The strawberry contamination scare has now spread the length of the country, with authorities in Western Australia confirming the state's first case.

A member of the public went to York Police Station, west of Perth, to report the discovery on Monday afternoon.

The man told police he spotted a needle in his kitchen sink after preparing strawberries for his family.

"He did not recall the needle being in the sink prior to preparing the strawberries," a WA Police spokesman said.

The strawberries in question were "produced and packaged in Western Australia", the spokesman said, although the brand has not yet been released.

Growers are working hard to get the fruit back on supermarket shelves with some suppliers taking the drastic measure of installing metal detectors on their conveyor belts.

In WA, a supplier that puts around one-third of the state's strawberries onto the shelves of Coles, Woolworths, Aldi and IGA has forked out tens of thousands of dollars on a metal detector.

Canning Vale market agent Allstates Farms paid $30,000 for the device which local farmers hope will help the crippled industry.

"Strawberries are scanned and it will stop if there is any metal present," quality control manager Manjeet Singh told PerthNow .

"It means people can buy these strawberries with confidence.

"All existing stock and new stock coming in will all be going through the scanner, punnet by punnet, tray by tray, then each tray will be sealed with a security sticker.

The news came just minutes before authorities in South Australia confirmed a second case there, with a needle found in a punnet of Mal's Black Label strawberries purchased from Adelaide Fresh Fruiterers in Morphett Vale.

A consumer discovered a metal object embedded in one of the strawberries when cutting into it, police said.

Yesterday, a seven-year-old girl from the Adelaide Hills was lucky to escape serious injury when she bit into a strawberry containing a hidden sewing needle.
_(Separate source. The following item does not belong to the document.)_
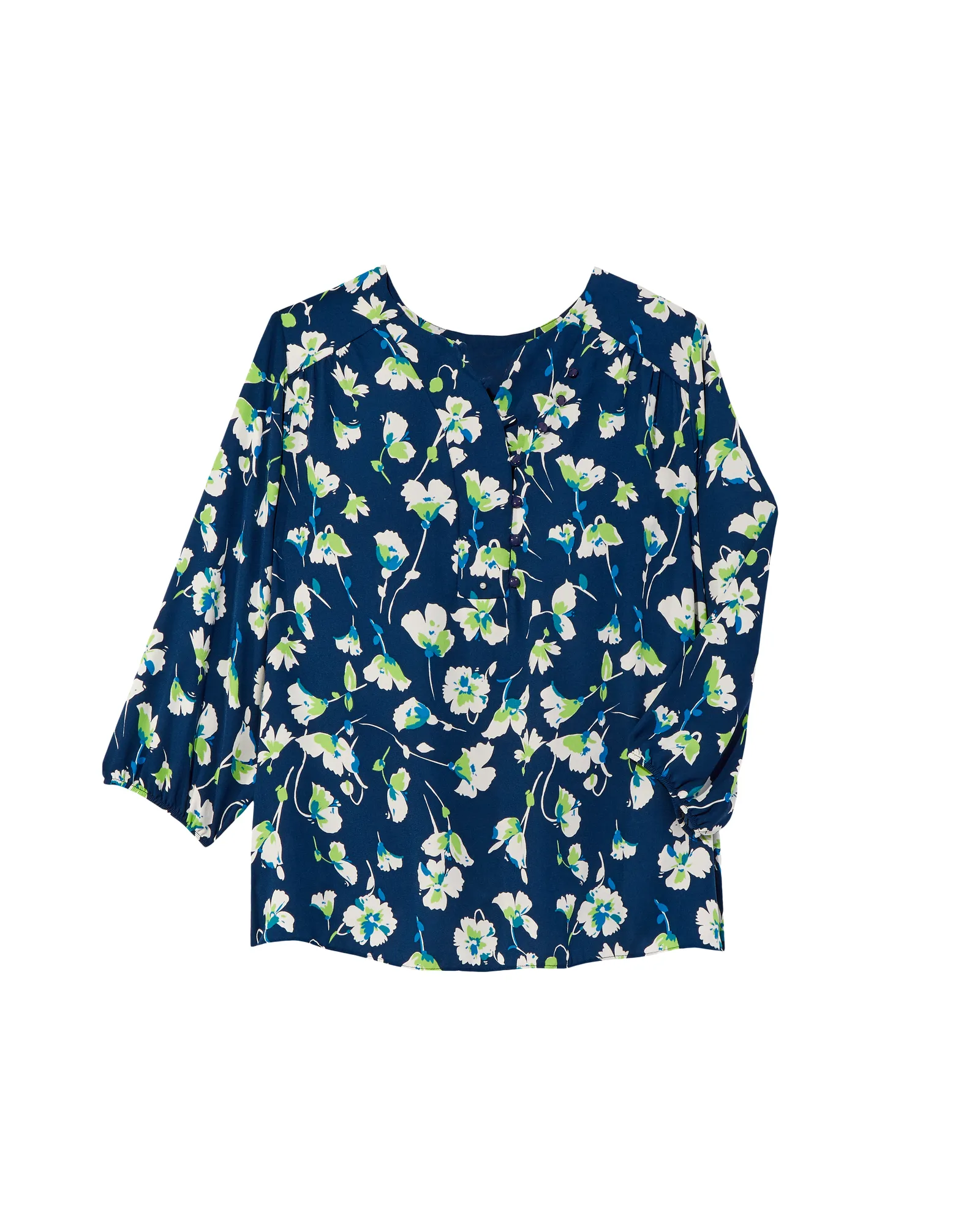 Joan Button Detail Blouse | Navy / Kelly Green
"She bit into one of the strawberries and discovered a needle, which she told her mum about," Detective Inspector Billy Thompson told reporters today.

"The father took the strawberries to the store in Littlehampton, reported it to the manager, who in turn advised that the matter should be reported to police."

That batch of the fruit originated in WA, forcing the state's Health Minister Roger Cook to insist this morning that people should be "very confident" about local strawberries.

"There has been no incident of tampering of strawberry products in WA," he told reporters today, just hours before the needle discovery in Perth.

The strawberry industry has been in chaos since the first discovery of a needle in a punnet of strawberries bought in Burpengary in Queensland more than a week ago.

In that case, a man who bit into a strawberry with a needle inside it and ended up in hospital.

Since then, needles or pins have been reported in strawberries in New South Wales, Queensland, Victoria, South Australia, Tasmania and the ACT.

Affected brands include Berry Obsession, Berry Licious, Love Berry, Donnybrook Berries, Delightful Strawberries and Oasis.

A nationwide manhunt is under way for the culprit or culprits responsible for the numerous cases of deliberate contamination.

Consumers are urged to cut up any strawberries before eating them.